Spraying Adhesive around these machines is probably not a good idea. If needed, I would use a pallet tape(used for screenprinting) and/or take the pallet out of the machine and spray away from the room containing the printer. In my case, pressing the garment will take out wrinkles and creases that might impact printing. On really bulky items, I've heard of people using chip clips to help tuck stuff away


----------



## sunnydayz (Jun 22, 2007)

Also raising the flat areas above the seams works well, using things such as cardboard and mousepads under the fabric. You learn to get really creative with dtg's  I am constantly figuring out new ways of getting the best print and placement on my platens, and have never used any kind of adhesive except tape


----------



## DAGuide (Oct 2, 2006)

Large rubber bands also work well for helping to hold down the thicker items.

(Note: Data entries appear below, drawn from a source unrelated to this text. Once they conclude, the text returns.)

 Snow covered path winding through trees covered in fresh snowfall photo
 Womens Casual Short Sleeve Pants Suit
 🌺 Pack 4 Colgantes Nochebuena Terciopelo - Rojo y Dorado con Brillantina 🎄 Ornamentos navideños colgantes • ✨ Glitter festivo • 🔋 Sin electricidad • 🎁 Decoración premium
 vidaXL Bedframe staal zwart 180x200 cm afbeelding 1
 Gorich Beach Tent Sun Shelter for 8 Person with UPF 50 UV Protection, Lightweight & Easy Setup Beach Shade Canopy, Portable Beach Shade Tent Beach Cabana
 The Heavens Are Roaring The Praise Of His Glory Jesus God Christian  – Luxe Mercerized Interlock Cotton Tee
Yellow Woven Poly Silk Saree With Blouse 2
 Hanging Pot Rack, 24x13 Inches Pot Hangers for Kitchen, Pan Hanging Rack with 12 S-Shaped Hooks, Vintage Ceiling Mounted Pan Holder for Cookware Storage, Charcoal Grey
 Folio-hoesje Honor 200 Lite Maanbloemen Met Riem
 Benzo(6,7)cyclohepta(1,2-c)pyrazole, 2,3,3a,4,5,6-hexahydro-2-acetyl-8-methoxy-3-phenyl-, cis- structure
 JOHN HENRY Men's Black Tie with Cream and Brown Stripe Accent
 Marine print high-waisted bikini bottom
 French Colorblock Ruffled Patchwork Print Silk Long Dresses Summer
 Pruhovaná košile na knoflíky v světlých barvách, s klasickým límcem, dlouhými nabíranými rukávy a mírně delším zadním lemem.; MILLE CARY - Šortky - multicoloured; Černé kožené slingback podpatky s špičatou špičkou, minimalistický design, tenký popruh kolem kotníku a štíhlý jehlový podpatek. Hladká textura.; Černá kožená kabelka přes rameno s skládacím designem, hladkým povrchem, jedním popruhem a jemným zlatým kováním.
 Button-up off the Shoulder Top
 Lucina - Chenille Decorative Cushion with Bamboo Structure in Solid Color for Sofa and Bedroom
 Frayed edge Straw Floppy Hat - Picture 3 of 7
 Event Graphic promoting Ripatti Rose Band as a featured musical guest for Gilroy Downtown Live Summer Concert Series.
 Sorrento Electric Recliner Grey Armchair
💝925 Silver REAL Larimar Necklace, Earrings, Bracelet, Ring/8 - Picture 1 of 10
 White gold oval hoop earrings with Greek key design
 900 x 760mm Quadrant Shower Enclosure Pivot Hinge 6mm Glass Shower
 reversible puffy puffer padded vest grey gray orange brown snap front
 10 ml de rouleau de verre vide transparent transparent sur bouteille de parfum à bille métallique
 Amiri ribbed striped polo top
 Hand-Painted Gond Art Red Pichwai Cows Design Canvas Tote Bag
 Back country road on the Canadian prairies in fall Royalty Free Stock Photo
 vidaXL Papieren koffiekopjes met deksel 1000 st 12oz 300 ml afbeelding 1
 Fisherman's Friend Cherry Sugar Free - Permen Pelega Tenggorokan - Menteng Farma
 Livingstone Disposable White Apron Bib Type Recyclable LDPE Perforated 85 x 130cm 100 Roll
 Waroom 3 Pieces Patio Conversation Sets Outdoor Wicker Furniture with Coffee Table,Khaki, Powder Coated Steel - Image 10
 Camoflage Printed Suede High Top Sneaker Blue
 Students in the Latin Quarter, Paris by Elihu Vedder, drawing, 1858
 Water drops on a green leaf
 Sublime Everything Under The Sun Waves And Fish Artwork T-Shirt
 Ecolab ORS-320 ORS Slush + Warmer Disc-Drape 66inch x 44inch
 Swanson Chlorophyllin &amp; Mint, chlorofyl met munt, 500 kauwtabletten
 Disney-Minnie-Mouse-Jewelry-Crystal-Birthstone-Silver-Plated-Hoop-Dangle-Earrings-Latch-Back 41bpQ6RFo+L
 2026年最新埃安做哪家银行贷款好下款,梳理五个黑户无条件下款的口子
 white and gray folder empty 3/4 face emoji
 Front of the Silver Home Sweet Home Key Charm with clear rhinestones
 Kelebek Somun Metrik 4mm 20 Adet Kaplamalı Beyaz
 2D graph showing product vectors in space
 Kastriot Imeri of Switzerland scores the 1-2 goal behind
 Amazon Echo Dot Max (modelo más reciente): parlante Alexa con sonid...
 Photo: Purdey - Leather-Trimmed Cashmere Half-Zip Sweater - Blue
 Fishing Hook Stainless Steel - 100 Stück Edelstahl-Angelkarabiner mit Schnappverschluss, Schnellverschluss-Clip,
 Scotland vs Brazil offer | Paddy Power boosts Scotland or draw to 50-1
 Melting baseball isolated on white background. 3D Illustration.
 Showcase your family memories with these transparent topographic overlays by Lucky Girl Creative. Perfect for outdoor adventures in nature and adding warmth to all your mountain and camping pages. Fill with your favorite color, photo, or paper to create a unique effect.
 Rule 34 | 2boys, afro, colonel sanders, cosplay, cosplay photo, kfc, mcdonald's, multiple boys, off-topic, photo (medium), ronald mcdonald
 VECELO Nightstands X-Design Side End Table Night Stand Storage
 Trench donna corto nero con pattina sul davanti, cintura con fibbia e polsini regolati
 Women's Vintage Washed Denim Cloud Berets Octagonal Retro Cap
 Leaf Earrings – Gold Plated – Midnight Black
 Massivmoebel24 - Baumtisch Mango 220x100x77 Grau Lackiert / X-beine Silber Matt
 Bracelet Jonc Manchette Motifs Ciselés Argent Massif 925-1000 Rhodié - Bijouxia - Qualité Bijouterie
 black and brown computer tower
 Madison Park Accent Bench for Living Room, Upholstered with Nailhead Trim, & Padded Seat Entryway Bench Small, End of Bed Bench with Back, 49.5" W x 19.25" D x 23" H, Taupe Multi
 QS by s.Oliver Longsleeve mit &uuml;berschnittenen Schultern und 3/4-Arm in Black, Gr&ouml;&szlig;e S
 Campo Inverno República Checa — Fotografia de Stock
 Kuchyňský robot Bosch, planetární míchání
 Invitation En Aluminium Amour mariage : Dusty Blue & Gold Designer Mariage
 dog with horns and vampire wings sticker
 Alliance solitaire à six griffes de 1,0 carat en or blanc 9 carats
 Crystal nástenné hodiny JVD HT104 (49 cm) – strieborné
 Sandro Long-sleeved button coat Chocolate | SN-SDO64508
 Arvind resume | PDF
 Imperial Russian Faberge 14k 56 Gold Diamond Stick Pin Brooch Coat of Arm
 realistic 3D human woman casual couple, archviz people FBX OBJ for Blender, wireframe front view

While I was at the SGIA Show, I heard about a reuseable pallet tape. Once the pallet tape gets lint on it, it will lose the sticky quality we need to keep a shirt flat. With this reuseable pallet tape, all you need to do is spray it with Windex or similar cleaning agent and wipe it down with an old shirt. Somehow, it gets sticky again. I have not tried this before, but the people I spoke to that use it really like. Just something else to consider.

Mark


----------



## sunnydayz (Jun 22, 2007)

Oh thanks Mark, I totally forgot about the rubberbands  I was using them just the other day while printing kids jean jackets. I had to search every drawer till I finally found two, cause I remembered you mentioning them. And guess what? They worked like a charm


----------



## martinwoods (Jul 20, 2006)

Rubberbands, good to know
Had not thought of that one, but the tape has worked so far so maybe that is all I will need.

Sunny did you get all your jackets done?


----------



## sunnydayz (Jun 22, 2007)

I am still working on them  I have about 20 left to print 

The rubber bands do work good for holding down tight where there might be a seam getting in the way. On the little jean jackets as you can see in that other post, there are a ton of seams that I was printing over.


----------